**Instructions to follow**:
Your copy should match the entries below exactly, apart from the images.

____________

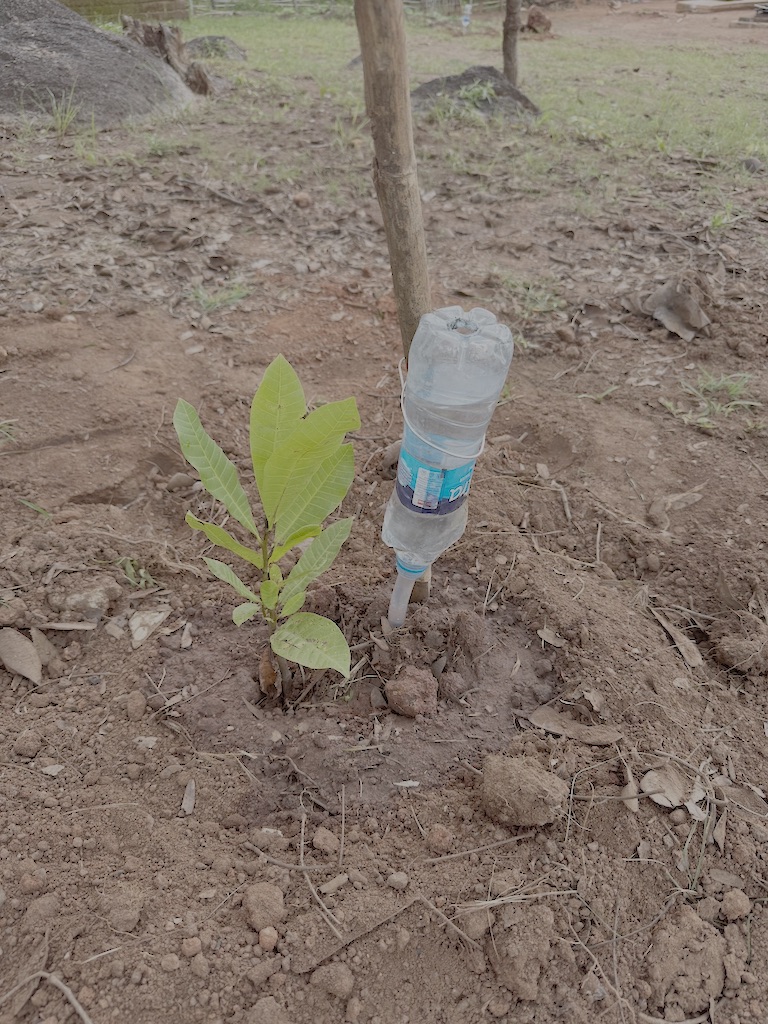Het water wordt bijgevuld door het gaat aan de bovenkant van de omgekeerde fles. Vooral voor jonge boompjes is deze methode heel geschikt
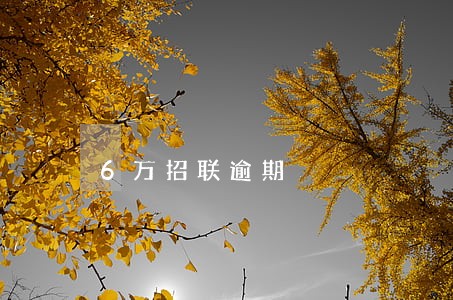6万招联逾期 6万招联逾期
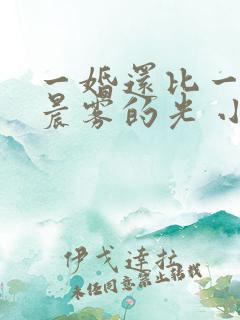 一婚还比一婚高晨雾的光 小说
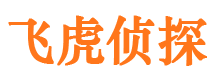 桥东市侦探调查公司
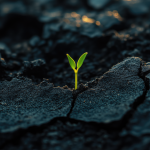 How Life News Stories Are Shaping Global Perspectives And Behaviors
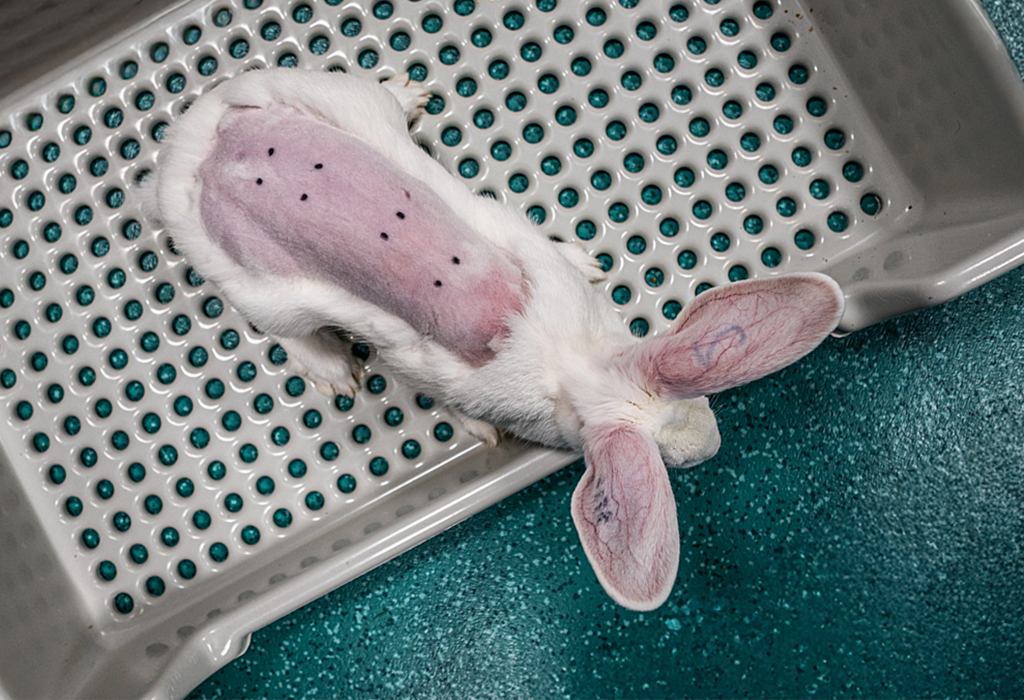 A rabbit with a shaved back in preparation for testing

____________

**Response box**:
Het water wordt bijgevuld door het gaat aan de bovenkant van de omgekeerde fles. Vooral voor jonge boompjes is deze methode heel geschikt
6万招联逾期 6万招联逾期
 一婚还比一婚高晨雾的光 小说
 桥东市侦探调查公司
 How Life News Stories Are Shaping Global Perspectives And Behaviors
 A rabbit with a shaved back in preparation for testing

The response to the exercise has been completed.